Uzun süre köyde kalan bir öğretmen ister istemez giderek köylüleşmektedir, (burada köyü ve köylüyü küçük gördüğümüz anlaşılmasın, yaşayış ve davranış bakımından köylüler gibi hareket etmelerini kastediyoruz.) köylü gibi hareket etmekte, köylü gibi yaşamakta, onun gibi davranmaya başlamaktadır. Bu gibi davranışlar öğretmeni bulunduğu yerden uzaklaştırdığı gibi saygınlığını da zedelemektedir. Bu konuya dikkat etmek gerekir.
Şehir merkezlerinde görev yapan öğretmenlerinizin bazıları da, görev yaptığı yerde, sadece “Öğretmen” olarak görev yaptıkları halde halkın arasına çıkmadan, evden okula, okuldan eve arada bir de öğretmen evlerine giderek dar bir çevrede hayat sürmektedirler. Bu dar çerçevede sadece diğer öğretmenlerle muhatap olan öğretmenlerimiz ne yazık ki dar bir çerçevede kaldıkları için iyi birer eğitimci oldukları halde, toplumdan kopmuş olma gibi bir durumla karşı karşıya kalmaktadırlar. Öğretmenimizin toplumdan kopmaması için ona göre programlar yapılmalıdır. Ve onlar; toplumla iç içe yaşamalı ve içinde yaşadığı toplumu iyi tanıması sağlanmalıdır.
Evet, Öğretmenim “eti senin kemiği benim”. Atalar bu sözü boşuna söylememiş. Artık çocuğum sana emanet. Bırak boş işlerle uğraşmayı, bırak günlük siyaseti, bırak siyasetçinin peşinde gezmeyi. Arif Nihat Asya’nın dediği gibi “Yürü hala ne diye kendinle savaştasın”. Titre irkil, kendine dön, üzerine verilen sorumluluğu bir kere daha düşün. Kendin gibi ol, madem Müslüman’ız, madem Türk’üz, o halde Müslüman-Türk gibi davran. “Bırak bozuk saatler yalan yanlış işlesin. Bırak çelebiler çekilip haremlerde kışlasın”. Sen sana emanet edilen çocuklarımıza bak. Bırak boş dünyayı. Bırak, kim ne derse desin. Sen elindeki işlenmemiş hamurdan, yeni cihangirler, yeni ilim erleri, yeni devlet adamları yetiştir. Sen sana düşeni yap ta, çocuklarımızın kalbine mayayı çal, iyilik yap ta istersen denize at “balık bilmez ise Halik bilir”.

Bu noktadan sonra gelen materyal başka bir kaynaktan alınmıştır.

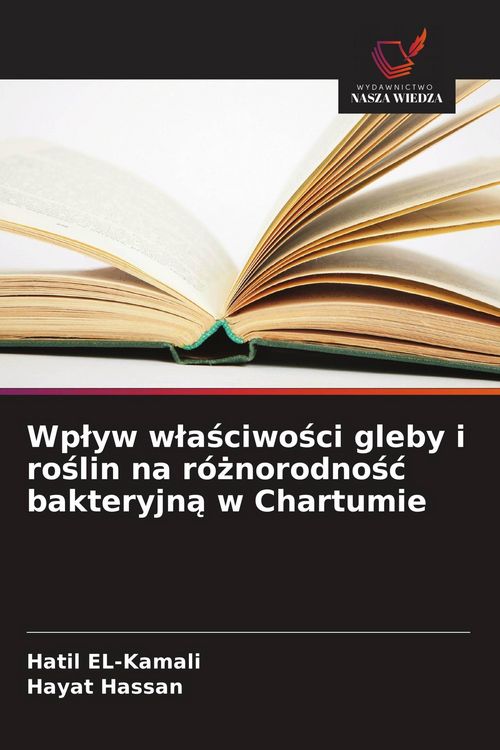 Produktbild: Wp&iquest;yw w&iquest;a&iquest;ciwo&iquest;ci gleby i ro&iquest;lin na r&oacute;&iquest;norodno&iquest;&iquest; bakteryjn&iquest; w Chartumie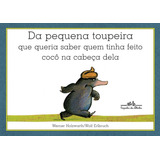 Da Pequena Toupeira Que Queria Saber Quem Tinha Feito Cocô Na Cabeça Dela, De Holzwarth, Werner. Editora Schwarcz Sa, Capa Mole Em Português, 1994
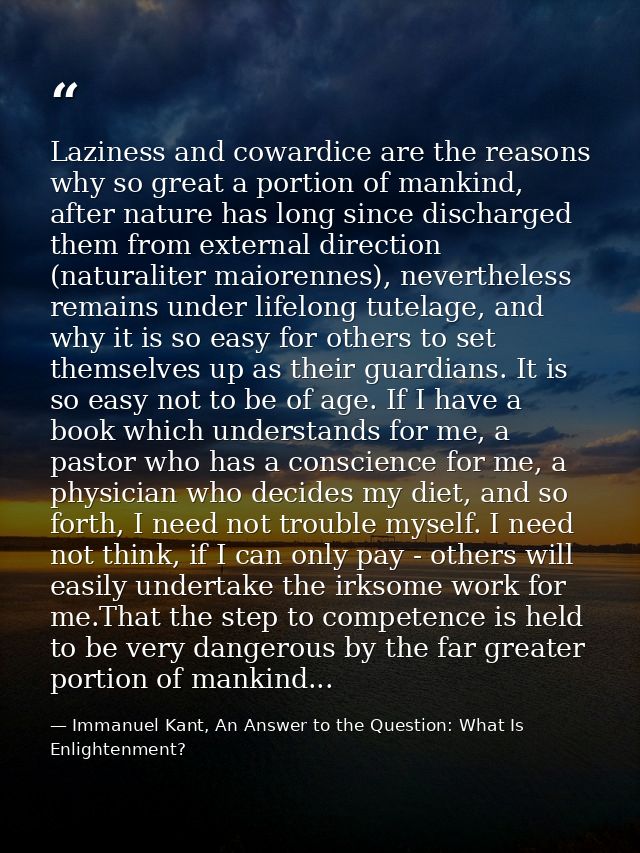 Laziness and cowardice are the reasons why so great a portion of mankind, after nature has long since discharged them fr — Immanuel Kant, An Answer to the Question: What Is Enlightenment?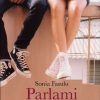 Parlami di te di Sonia Fasulo - Un Cuore Tra i Libri Sonia Fasulo-Parlami di te - un cuore tra i libri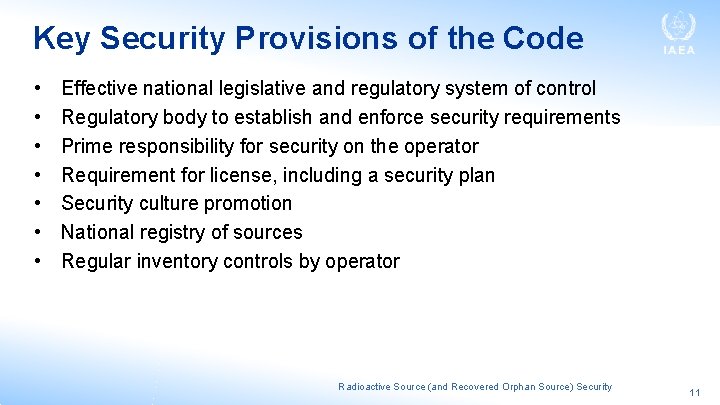 Key Security Provisions of the Code • • Effective national legislative and regulatory system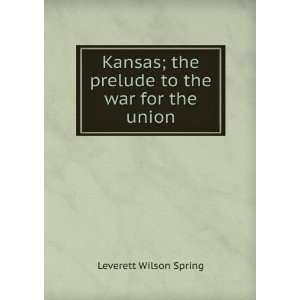   , the prelude to the war for the Union Leverett Wilson Spring Books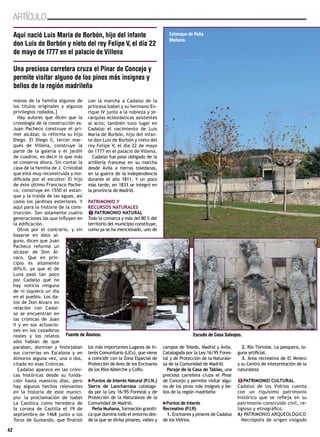manos de la familia algunos de
los títulos originales y algunos
privilegios rodados.]
Hay autores que dicen que la
cronología de la construcción es:
Juan Pacheco construye el pri-
mer alcázar, lo reforma su hijo
Diego. El Diego II, tercer mar-
qués de Villena, construye la
parte de la galería y el jardín
de cuadros, es decir lo que más
se conserva ahora. Sin contar la
casa de la familia de J. Cristobal
que está muy reconstruida y mo-
dificada por el escultor. El hijo
de éste último Francisco Pache-
co, construye en 1550 el estan-
que y la traída de las aguas, así
como los jardines exteriores. Y
aquí para la historia de la cons-
trucción. Son solamente cuatro
generaciones las que influyen en
la edificación.
Otros por el contrario, y sin
basarse en dato al-
guno, dicen que Juan
Pacheco reformó un
alcázar de Don Ál-
varo. Que en prin-
cipio es altamente
difícil, ya que el de
Luna pasó tan poco
por Cadalso que no
hay noticia ninguna
de ni siquiera un día
en el pueblo. Los da-
tos de Don Alvaro en
relación con Cadal-
so se encuentran en
las crónicas de Juan
II y en sus actuacio-
nes en los cazaderos
reales y los relatos
sólo hablan de que
paraban, dormían y festejaban
sus correrías en Escalona y en
Almorox alguna vez, una o dos,
citado en esas Crónicas.
Cadalso aparece en las cróni-
cas históricas desde su funda-
ción hasta nuestros días, pero
hay algunos hechos relevantes
en la historia de este munici-
pio: la proclamación de Isabel
La Católica como heredera de
la corona de Castilla el 19 de
septiembre de 1468 junto a los
Toros de Guisando, que finalizó
con la marcha a Cadalso de la
princesa Isabel y su hermano En-
rique IV junto a la nobleza y je-
rarquías eclesiásticas asistentes
al acto; también tuvo lugar en
Cadalso el nacimiento de Luis
María de Borbón, hijo del infan-
te don Luis de Borbón y nieto del
rey Felipe V, el día 22 de mayo
de 1777 en el palacio de Villena.
Cadalso fue paso obligado de la
artillería francesa en su marcha
desde Ávila a tierras toledanas,
en la guerra de la Independencia
durante el año 1811. Y un poco
más tarde, en 1833 se integró en
la provincia de Madrid.
PATRIMONIO Y
RECURSOS NATURALES
lI PATRIMONIO NATURAL
Todo la comarca y más del 80 % del
territorio del municipio constituye,
como ya se ha mencionado, uno de
los más importantes Lugares de In-
terés Comunitario (LICs), que viene
a coincidir con la Zona Especial de
Protección de Aves de los Encinares
de los Ríos Alberche y Cofio.
uPuntos de Interés Natural (P.I.N.)
Sierra de Lancharrasa cataloga-
da por la Ley 16/95 Forestal y de
Protección de la Naturaleza de la
Comunidad de Madrid.
Peña Muñana, formación graníti-
ca que domina todo el entorno des-
de la que se divisa pinares, valles y
campos de Toledo, Madrid y Ávila.
Catalogada por la Ley 16/95 Fores-
tal y de Protección de la Naturale-
za de la Comunidad de Madrid.
Paraje de la Casa de Tablas, una
preciosa carretera cruza el Pinar
de Concejo y permite visitar algu-
no de los pinos más insignes y be-
llos de la región madrileña
uPuntos de Interés
Recreativo (P.I.R)
1. Encinares y pinares de Cadalso
de los Vidrios.
2. Río Tórtolas. La pesquera, la-
guna artificial.
3. Área recreativa de El Venero
y su Centro de interpretación de la
naturaleza
lII PATRIMONIO CULTURAL
Cadalso de los Vidrios cuenta
con un riquísimo patrimonio
histórico que se refleja en su
patrimonio construido civil, re-
ligioso y etnográfico.
A) PATRIMONIO ARQUEOLÓGICO
Necrópolis de origen visigodo
42
ARTÍCULOARTÍCULO
Una preciosa carretera cruza el Pinar de Concejo y
permite visitar alguno de los pinos más insignes y
bellos de la región madrileña
Fuente de Álamos. Escudo de Casa Salvajes.
Estanque de Peña
Muñana.
Aquí nació Luis María de Borbón, hijo del infante
don Luis de Borbón y nieto del rey Felipe V, el día 22
de mayo de 1777 en el palacio de Villena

Dedim ya senin mesleğin “Peygamber” mesleğidir. Bunun farkına var yeter. Tek umudum sensin, son umudum sensin, son şansım sensin, tek şansım sensin. Herkes denedi olmadı, şimdi sahnede sensin, sen kendinin ve sana düşenin farkına vardığın zaman milletimizin de kurtuluşu başlamıştır demektir. Bunu sana ben hatırlatamam. Bunu sen fark etmelisin. Sen düşünmelisin. Binlerce yıllık tarihimizden süzülüp gelen her şey senin ellerinde yeniden hayat bulacak, yeniden dirilecek, yeniden ete kemiğe bürünecek. Bu durum sana bağlı. Benim ümidimi kırma. Beni bedbinliğe düşürme, beni kırma, beni ümitsizliğe sevk etme.
Millet olarak bunaldığımız, daraldığımız, yerlerde süründüğümüz yeter. Bu itibarsız halde kalmamız yeter artık. Bitsin artık bu fetret. Yine şahlanalım, yine karadan gemiler yürütelim, yine cihana hükmedelim, yine “insanlığın son adası” olalım.
Bütün bunları düşünerek hareket etmelisin, iş sana düştü. Sorumluluk senin.
Sözün Özü
Eğitimini yaz-boz tahtasına çeviren, öğretmenine hak ettiği değeri vermeyen gerçek anlamda “Milli Eğitim politikası” belirlemeyen milletler, gelecekte söz sahibi olmayı hak etmezler/edemezler.